In a decision akin to a re-write of the nation’s 1999 constitution, the Court of Appeal friday in Abuja dismissed the suit filed by President of the Senate, Bukola Saraki seeking to stop his trial at the Code of Conduct Tribunal (CCT) over a 13-count charge on alleged false declaration of assets.

The Justices of the appellate court in a split decision of two to one subsequently ruled that Saraki should go and face trial at the CCT despite the fact that the tribunal is at present composed of only the chairman and a member.

But Section 15(1) of the 5th schedule of the 1999 constitution states: “There shall be established a Tribunal to be known as Code of Conduct Tribunal which shall consist of a chairman and two other persons.”

Olisa Agbakoba, former President of the Nigeria Bar Association concurred with the dissenting jugdement of Justice Joseph Ekanem.
“I will go with the dissenting voice. Although, I am yet to see the full judgement to be able to give an informed opinion, I will go with the dissenting voice; the Supreme Court will finally lay to rest the controversy

The concurrent judgement of Justice Adumein and Mohammed Mustapha held that the tribunal was right in assuming jurisdiction in the matter because the chairman of the tribunal and member had no cause to doubt the Deputy Director in the Ministry of Justice, M. S Hassan on whether he has the authority of the Solicitor General or not, having come from the Federal Ministry of Justice as a deputy director.

They held that Hassan, being an officer in the temple of justice and a member of the Bar, could not have initiated the trial without the authority of the appropriate person.

Adumein and Mustapha also dismissed the claim of Saraki that his trial was unlawful having not been initiated by the person of the AGF, adding that the Law Officers of the Federation Act was clear that in the absence of the AGF, the Solicitor General of the federation may assume the function of the office of the AGF.

The duo also dismissed another claim of Saraki that the tribunal did not form a quorum of three membership as the Justices noted that although, the constitution was silent on the quorum but the Interpretation Act, a veritable legal tool had smoothly settled the matter with a provision that two members can sit in a tribunal matter.

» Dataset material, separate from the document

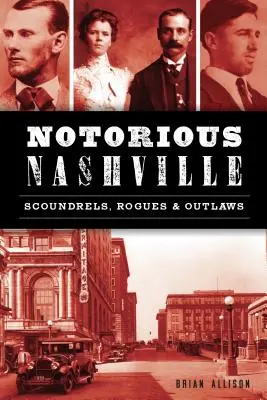 Notorious Nashville: Csibészek, gazemberek és törvényen kívüliek - Notorious Nashville: Scoundrels, Rogues and Outlaws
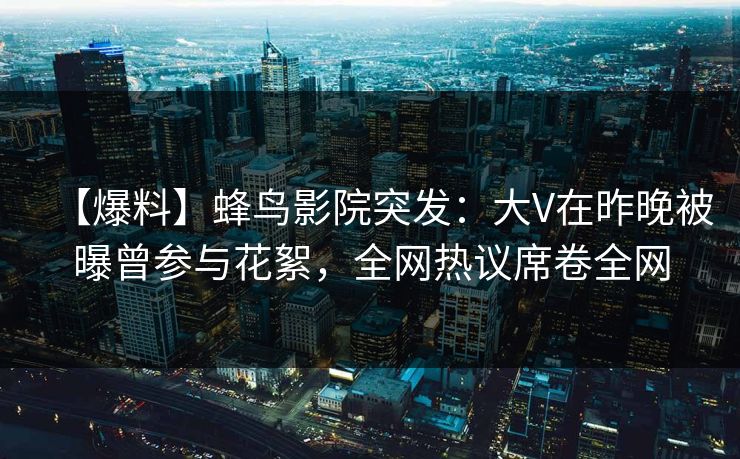 【爆料】蜂鸟影院突发:大V在昨晚被曝曾参与花絮,全网热议席卷全网 【爆料】蜂鸟影院突发:大V在昨晚被曝曾参与花絮,全网热议席卷全网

They however agreed with the prosecution that the tribunal has limited criminal jurisdiction.
The appeal was consequently thrown out with Saraki ordered to go back to the Tribunal to face his trial.

Justice Adumein who delivered the lead judgment however faulted the mode of service of the charge on the Senate President.

He held that it was the law that the accused person must be personally served with the criminal charge as preferred against him.
According to him, the issue of service was a fundamental one and a foundation upon which a trial will be laid but noted that although Saraki was not properly served, his counsel failed to raise the issue before the CCT and therefore resolve the issue in favour of the prosecution.

But in a dissenting judgment, Justice Joseph Ekanem nullified the charge against the Senate President on the grounds that there was no evidence before the court that a Deputy Director in the Ministry of Justice, has the authority of either the Attorney-General of the Federation (AGF) or the Solicitor General of the Federation to file the charges.

Justice Ekanem premised his decision on a letter dated September 11, 2015 that Hassan wrote to the tribunal to apply for the trial of Saraki.

He argued that the tone of the letter, which read in part: “I hereby apply for the prosecution of the accused person before this tribunal as per the attached charge”, is a clear pointer that Hassan did not have the authority of the solicitor general before filing the charge.

Justice Ekanem further held that “where a word is not ambiguous and it is plain and clear as in this case that the proceeding was initiated by Hassan, it should not be difficult to arrive at a conclusion that Section 24 of the CCB and Tribunal Act 2004 had been breached by the said M.S Hassan”.

On that ground, Justice Ekanem set aside the charge against Saraki and also discharged him from being prosecuted.
Saraki has however vowed to challenge the ruling at the Supreme Court.

“We shall test this judgement in the Supreme court,” stated Magaji Mahmud, SAN, counsel to Saraki.
While speaking to journalists after the judgement, he expressed confidence that his client’s prayers would be upheld and treated favourably at the apex court.

“We are going to the Supreme Court for Justice and we are sure that substantial justice will be done in this matter,” Mahmud assured.
For most analysts, the jugdement against Saraki is akin to a re-write of the nation’s constitution, particularly as it relates to the composition of the CCT.

“Before you can talk of quorum, you must first fulfill the law regarding the composition. The issue of composition must first be settled. It says there shall be a Chairman and two other members. The CCT as presently constituted has not fulfilled this,” remarked a lawyer who pleaded for anonymity.

The Lagos lawyer also said the Interpretation Act cited to back the CCT’s current composition by the Appeal Court contradicts the constitution and when this happens, the constitution supersedes.

In this regard, analysts cited Section 1(1) of the 1999 constitution which states: “This constitution and its provisions shall have binding force on all authorities and persons in Nigeria.”

Section 1 (3) also states: “If any other law is inconsistent with the provision of this constitution; this constitution shall prevail. And that other law shall to the extent of the inconsistency be void.”